* _ASSIGNED TASK_: In the data below, find the line containing "Benetton Slim Fit Polo In Pure Cotton Green" and the line containing "LS32256 South Dakota License Plate", then reproduce them and every line between, exactly. Omit pictures.

* _RAW DATA_:
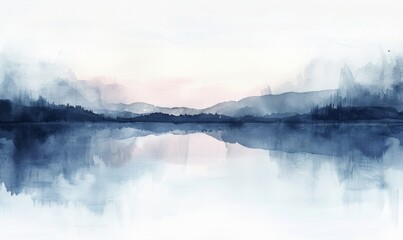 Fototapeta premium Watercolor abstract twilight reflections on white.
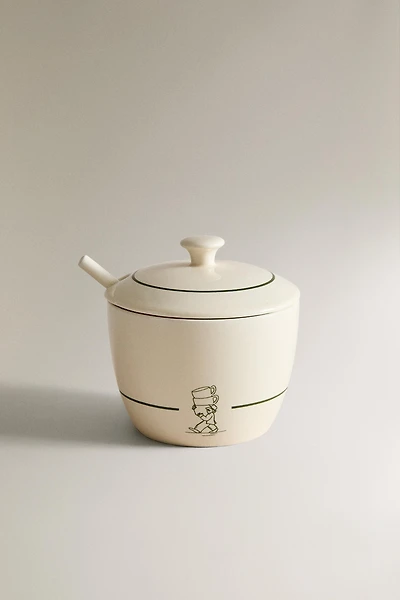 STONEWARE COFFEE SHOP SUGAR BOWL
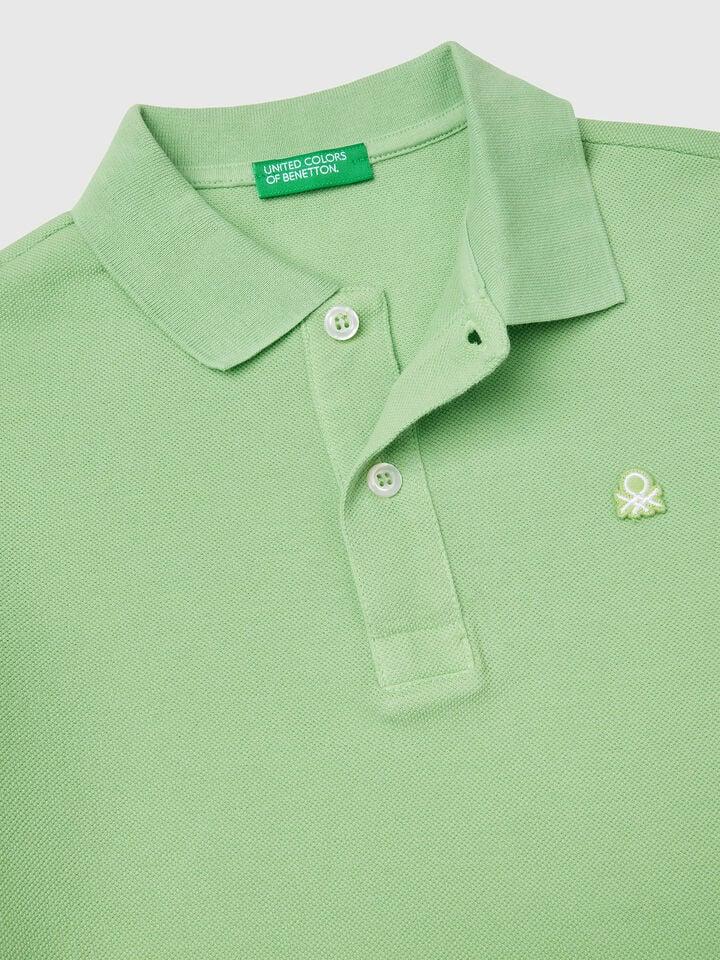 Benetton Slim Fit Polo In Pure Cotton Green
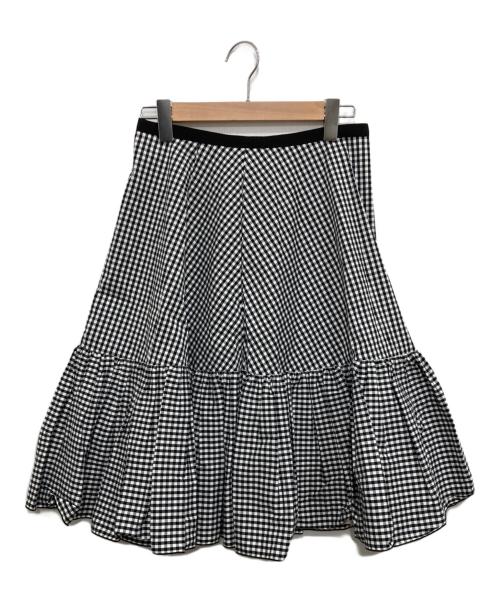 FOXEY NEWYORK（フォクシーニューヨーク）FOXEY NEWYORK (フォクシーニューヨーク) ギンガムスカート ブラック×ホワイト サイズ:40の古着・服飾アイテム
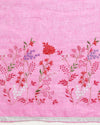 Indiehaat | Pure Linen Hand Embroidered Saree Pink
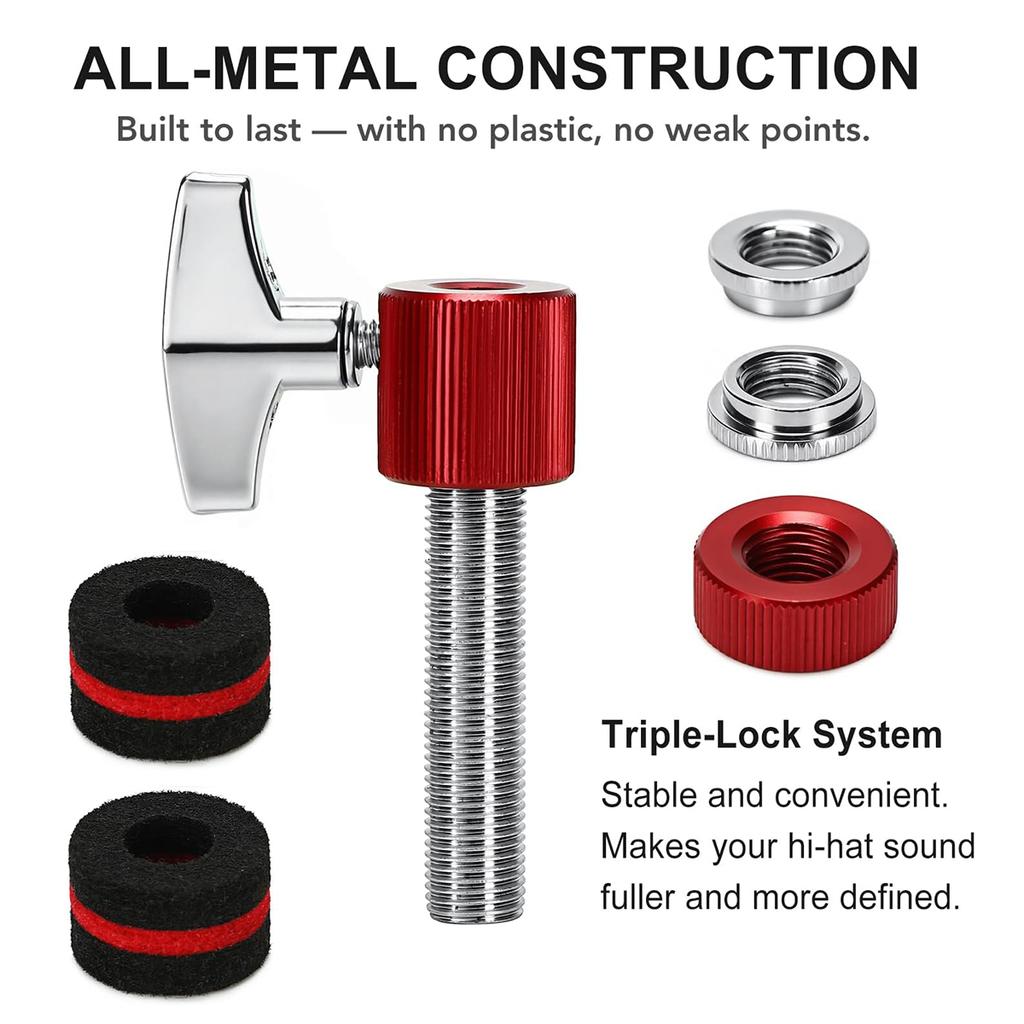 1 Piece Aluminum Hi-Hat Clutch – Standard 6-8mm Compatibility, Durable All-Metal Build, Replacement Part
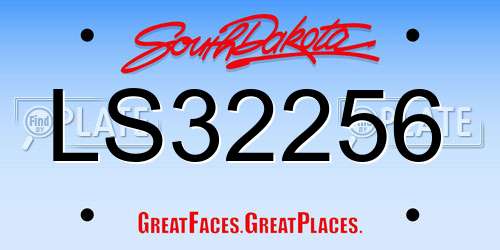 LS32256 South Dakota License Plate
==
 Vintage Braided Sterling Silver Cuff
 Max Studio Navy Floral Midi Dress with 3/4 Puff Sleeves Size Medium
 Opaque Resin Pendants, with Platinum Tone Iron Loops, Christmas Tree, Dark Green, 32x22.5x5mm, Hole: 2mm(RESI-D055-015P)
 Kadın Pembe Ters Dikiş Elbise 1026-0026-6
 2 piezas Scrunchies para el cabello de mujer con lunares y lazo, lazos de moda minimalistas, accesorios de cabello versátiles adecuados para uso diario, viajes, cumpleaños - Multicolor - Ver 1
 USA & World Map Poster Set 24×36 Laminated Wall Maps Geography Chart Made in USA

* _SOLVED EXERCISE_:
 Benetton Slim Fit Polo In Pure Cotton Green
 FOXEY NEWYORK（フォクシーニューヨーク）FOXEY NEWYORK (フォクシーニューヨーク) ギンガムスカート ブラック×ホワイト サイズ:40の古着・服飾アイテム
 Indiehaat | Pure Linen Hand Embroidered Saree Pink
 1 Piece Aluminum Hi-Hat Clutch – Standard 6-8mm Compatibility, Durable All-Metal Build, Replacement Part
 LS32256 South Dakota License Plate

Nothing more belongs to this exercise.